Lemmon’s depictions of these women are vivid, giving readers a textured understanding of who they are and what drove them to volunteer for an unprecedented program that would place them in incredibly dangerous situations. In fact, these nuanced profiles raise my sole problem with the book – namely, that there were so many interesting personalities that I couldn’t keep track of them all. Lemmon used a few Homeric epithets, like reminding readers late in the book that Lane was “the Guard soldier and track star from Nevada,” but a few more mental cues might have helped keep everyone straight.
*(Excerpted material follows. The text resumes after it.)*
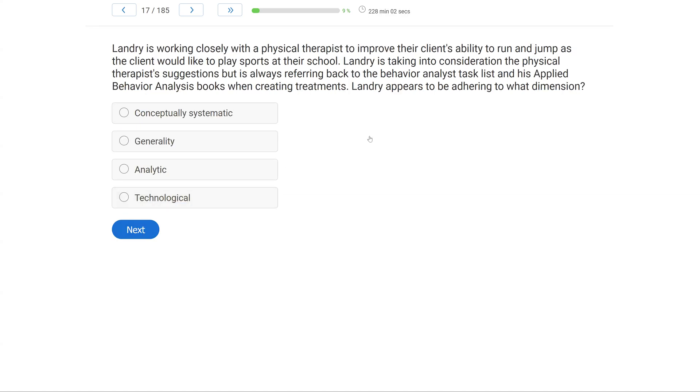Landry is working closely with a physical therapist to improve their client's ability to run and jump as the client would like to play sports at their school. Landry is taking into consideration the physical therapist suggestions, but is always referring back to the behavior analyst task list and his applied behavior analysis books when creating treatments. Landry appears to be adhering to what dimension?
But those are small drops of concern amidst an ocean of good writing and compelling moments. Lemmon deftly draws readers through the brutal candidate assessment (“100 hours of hell”), the women’s anxiety about whether they would be selected, their post-selection training at Fort Benning, and their subsequent deployments to Afghanistan.
One scene in particular encapsulates the challenging nature of the CSTs’ role. Kate, the football-hating football player, was on a raid of a compound to capture a key Taliban fighter. Her job, like all of the CSTs, was to assemble the compound’s women and children, gather as much information from them as possible, and protect them if necessary. Soon after the Afghan and American forces entered the compound, heavy contact erupted, and Kate began shepherding the group of women and children to a building nearby.
As she directed [the interpreter], Kate scooped up a small baby, barefoot and crying. She threw the little guy over her left shoulder and took off running as the sound of gunfire grew louder behind her. Using her right arm she grabbed the hand of a small girl and drew her close to her body.
“Stay with me, stay with me!” Kate urged, hoping the child would trust and understand her movements even if she didn’t understand her words.
Suddenly Kate felt the jagged terrain take hold of her left foot. She began tumbling forward as one of her boots got trapped in a deep hole she hadn’t detected through the green film of her night-vision goggles.
The baby, Kate thought. Instinctively she held him tight against her chest as the momentum of her fall sent her spinning into a diving, forward roll. She released the little girl’s hand just in time to keep her from falling, too.
A second later Kate lay on her back with the baby tucked up against her body armor. He hadn’t moved despite the somersault and was now just looking at her wide-eyed and silent.
Kate felt the baby’s warm breath on her neck, looked up at the twinkling stars above, and heard the rat-a-tat-tat of gunfire around her, maybe three dozen feet away.
What the fuck is my job right now? she asked herself as she hugged the baby tight and again took the hand of the little girl who was standing nearby. This is crazy.
The book juxtaposes “crazy” moments like that with poignant moments that further illustrate the CSTs’ unique position as women in combat environments. In one anecdote, a female civilian interpreter from California named Nadia meets three new CSTs, and they bond over perhaps the most non-military item of all: mascara.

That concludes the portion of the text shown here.